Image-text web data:
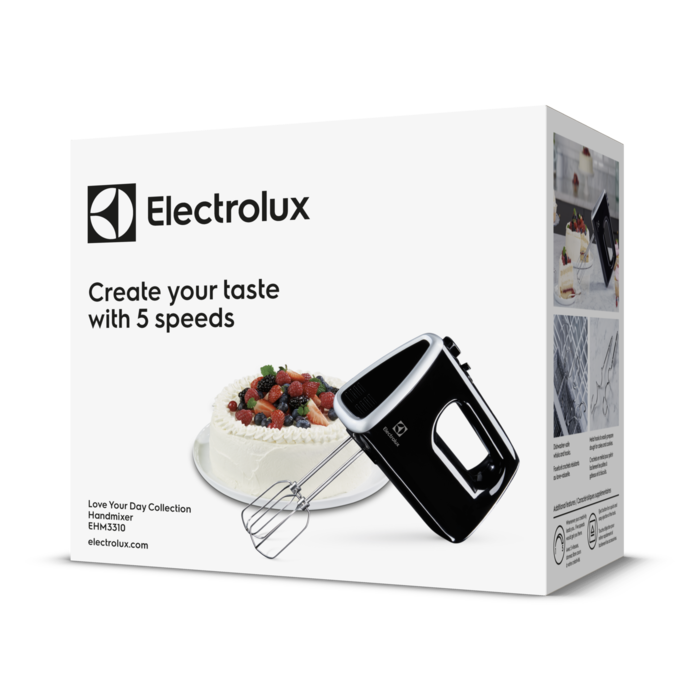Electrolux - Ručni mikser - EHM3310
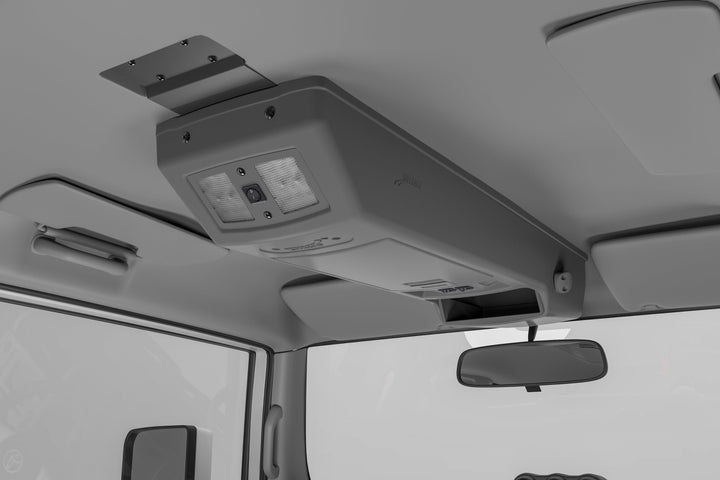 ROOF CONSOLE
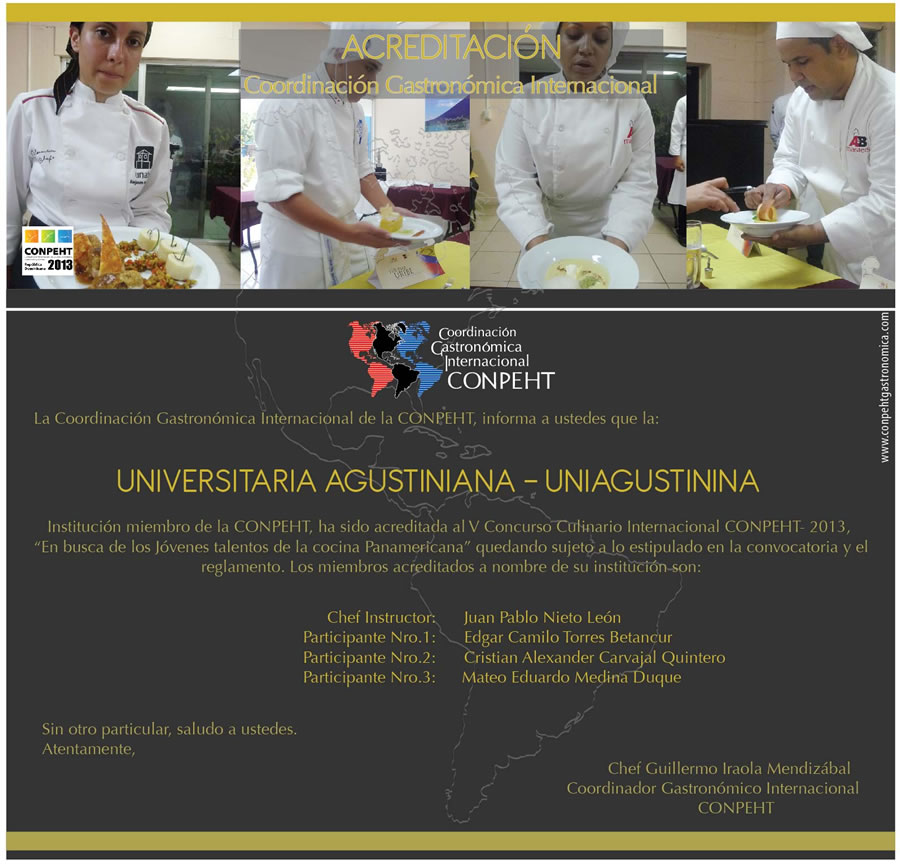 Universidad Agustiniana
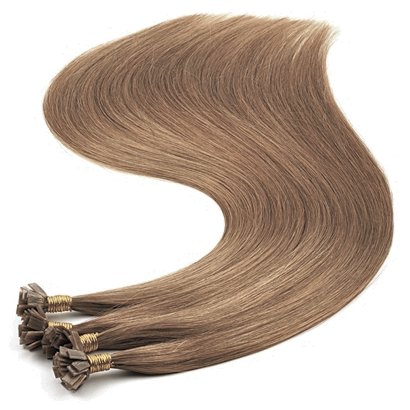 Hot fusion - Light brown 8#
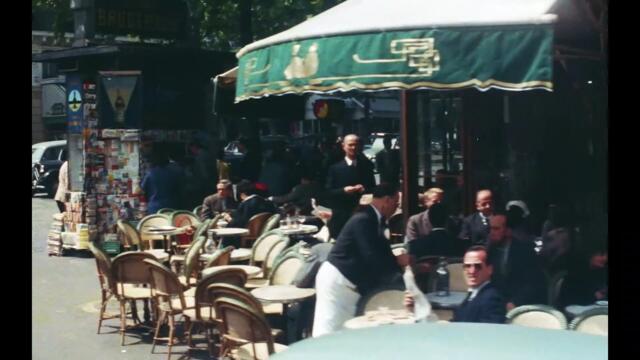 Little Girl Blue | movie | 2023 | Official Trailer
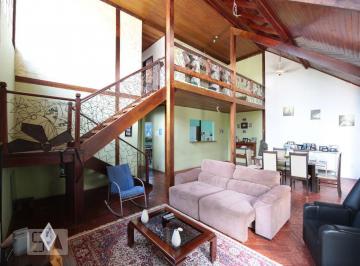 Casa · 230m² · 3 Quartos · 2 Vagas · Casa para Aluguel - Vargem Grande, 3 Quartos, 230 m2 - Rio de Janeiro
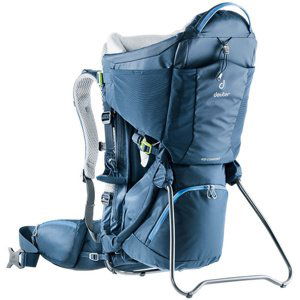 Dětská krosna/sedačka Deuter Kid Comfort (3620219) Midnight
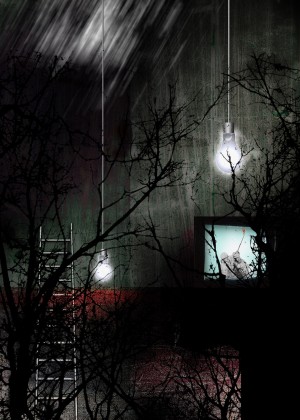 Dark Room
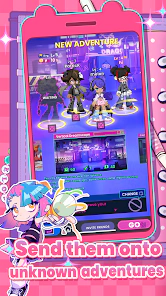 ԭ����ɫģ����(��ɫ������������)v1.0.10 ��׿���ͼ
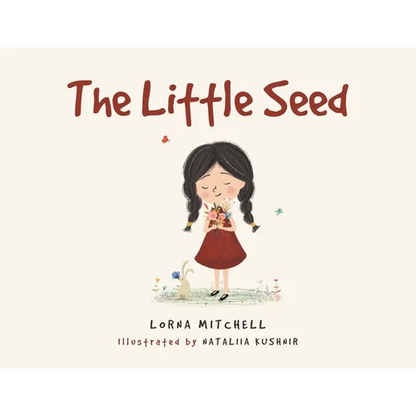 The Little Seed - Paperback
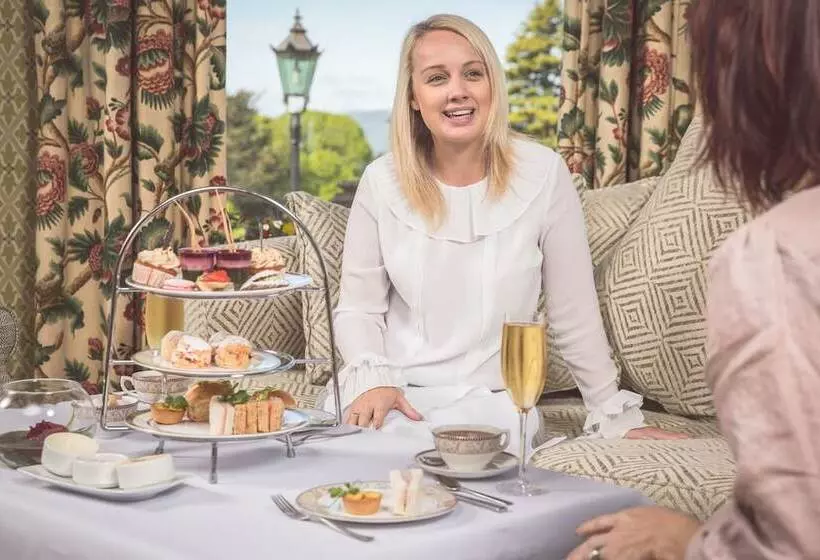 Fotos del hotel The Culloden Estate And Spa:  6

__What is being asked__: Could you print all of the entries exactly, skipping the images?

__Output of the task__:
Electrolux - Ručni mikser - EHM3310
 ROOF CONSOLE
 Universidad Agustiniana
 Hot fusion - Light brown 8#
 Little Girl Blue | movie | 2023 | Official Trailer
 Casa · 230m² · 3 Quartos · 2 Vagas · Casa para Aluguel - Vargem Grande, 3 Quartos, 230 m2 - Rio de Janeiro
 Dětská krosna/sedačka Deuter Kid Comfort (3620219) Midnight
 Dark Room
 ԭ����ɫģ����(��ɫ������������)v1.0.10 ��׿���ͼ
 The Little Seed - Paperback
 Fotos del hotel The Culloden Estate And Spa:  6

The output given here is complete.